So, they often write disclosure statements as Ray and J’ rightly encourage. Great. If you had subscribed to the B+B newsletter you’d even know which great examples of these statements they linked to. I pass on spilling the beans on that. Not because they are not good examples but because they are just the start of your job as reader. What is great about these disclosures is they are big red flags with the words “Start a’Judging NOW!!!” pasted upon them. See, once you know who took the Carlsberg money or the flight to an personal attendance with Jim Koch then you know why the articles that follow are so often plump, dull and somewhat smarmy. Honestly, nothing is as bad as the post-disclosure post. As enthused as the plagiarist who lifted his text from Peter just back from Damascus. Laced with horrible conceits like “the colors in the morning were orange and magenta like a sherbet” – all combined with an earnest hope that somehow transparency creates nobility. It doesn’t really, does it. Just a bit more honesty. Like that honest dot of marmalade on the tie of the man who was just at the hotel’s breakfast buffet. The mark is upon it.
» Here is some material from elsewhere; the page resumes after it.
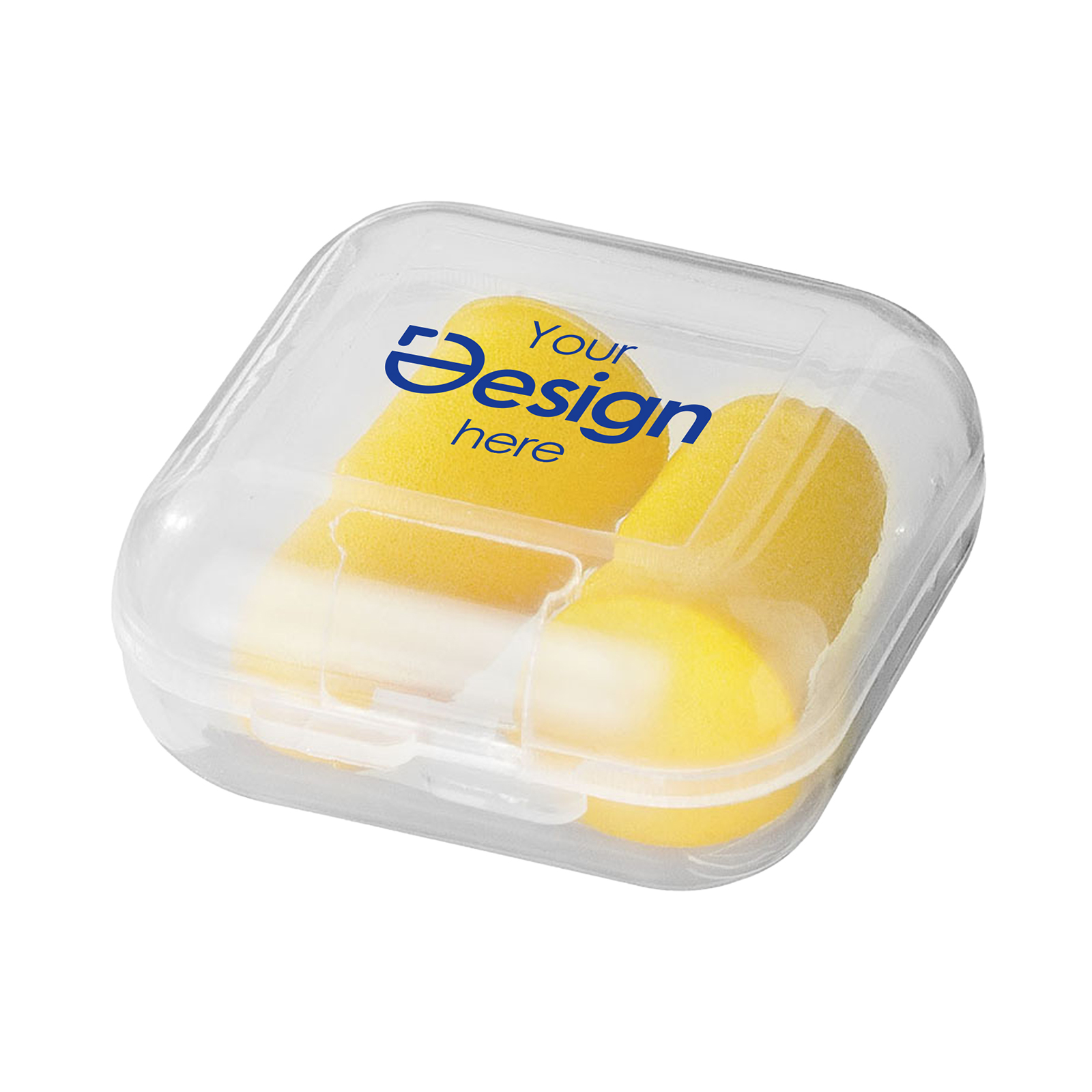 Tappi per le orecchie Serenity – Set da viaggio | Schiuma PU | Plastica PP | Stampa fino a 3 colori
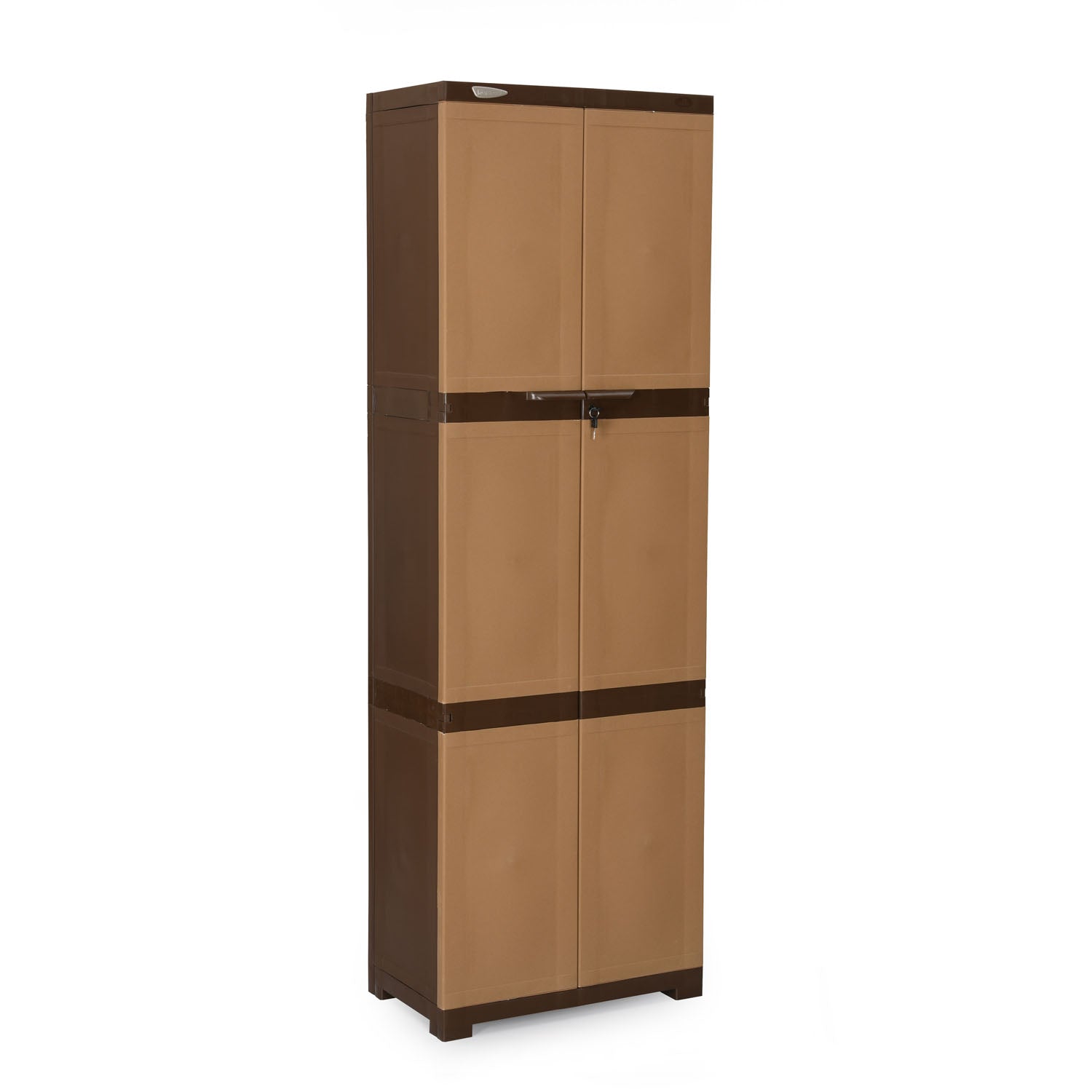 Nilkamal Freedom Mini Large (FML) Plastic Cabinet for Storage (Sandy & Dark Brown) - Nilkamal | VK Furniture & Electronics Mangalore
Me? I think of reading this sort of writing like I think of drinking a brewer’s beer. I don’t need to know the samey opinions and self-reverences of the brewery owner. Some see it as wizardry to cut and paste what’s offered but the fact is their either beer sucks or it doesn’t. It speaks for itself. Same with writing. I’ve seen economic development webinars which include Asheville consulto panelists so, having heard them, I now assume every story pitch on that town’s beer scene comes with a flight and a hotel booking. Similarly, once these disclosures are made – once the ever thin argument that “journalism has changed” is trotted out – from there on out the presumption that each post offers invention gets replaced with the expectation that somewhere a PR strategist munching on his morning’s toast is pleased. Another job well done.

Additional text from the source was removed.